RE: amber-developers: Fw: How many atoms? from Thomas Cheatham on 2007-12-05 (Amber Developers Archive Dec 2007)

From: Thomas Cheatham <tec3.utah.edu>
Date: Wed, 5 Dec 2007 09:20:46 -0700 (Mountain Standard Time)

Well, since bob asked if I'm on board; I wrote this late last night and I
do not really know who is on this list so I should be careful in what I
say, but...

> That's not really true. Simulations with 0.5M is about as routine today as
> 20,000 atoms a few years ago. We are talking about protein complexes in

I did not want to jump into this fray, but as I busily review proposals
for computer time at the NSF centers tonight (and I'm a bit late, as
usual)-- proposals that mostly involve running simulations of less than
100K atoms-- I would contend that we do not need to reach that megascale,
yet, and I do say "yet". NAMD works, and at present there are very few
large scale simulations beyond those of a few groups, like Schulten
(viruses, Bar domains, ...), Voth (Bar domains), Sanbonmatsu
(ribosome), ...

I would contend that 500K is not as routine as 20K was a decade
ago. Moreover, we have many many more people running simulations in the
10-100K range now than we ever did in *any* range a decade ago (including
in-vacuo). The field has exploded.

My personal take on the large hero simulations is that they are easy.
With so many atoms, there is a much smaller chance of a small instability
or local error occuring that propagates to kill the system. Moreover,
with so many atoms, how can you possible detect a funny alpha/gamma
artifact in DNA or an alpha-helix bias in the protein?

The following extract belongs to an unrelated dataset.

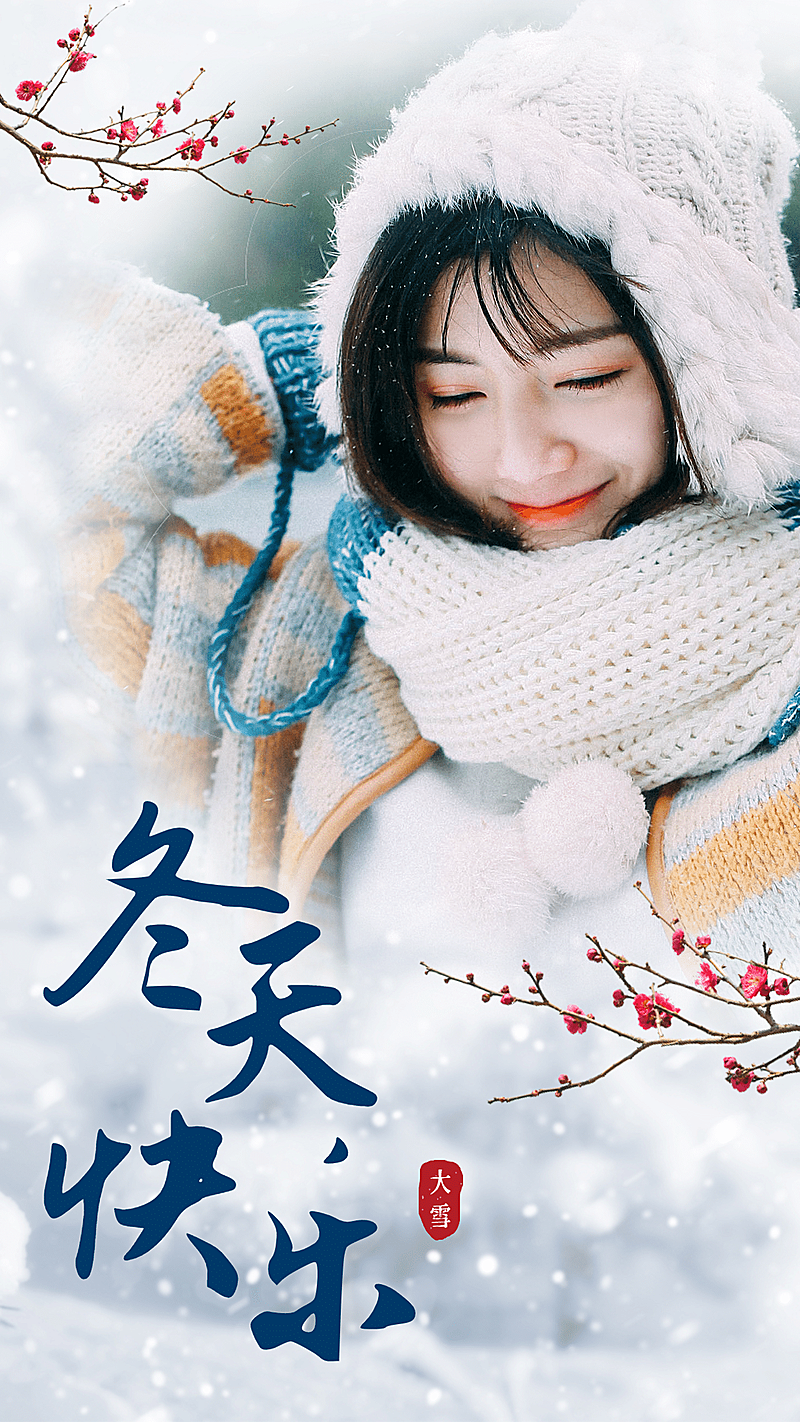 冬天你好融图晒照雪地实景文艺唯美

I have run a large set of proteasome simulations of 200K-500K atoms and
also DNA mini-circles at 200K atoms using sander. You can hot start these
at 300K from a loosely minimized solvated crude protein model straight
from LEaP and everything is peachy, i.e. it runs fine. In addition to
being stable, you cannot really run long enough to find artifact or see
problems. I think the model of these hero calculations is: stable one-off
simulation + cursory analysis + "benchmark" as first of kind ==
publication.

This is what Mike was stating and this is not what I think AMBER is about.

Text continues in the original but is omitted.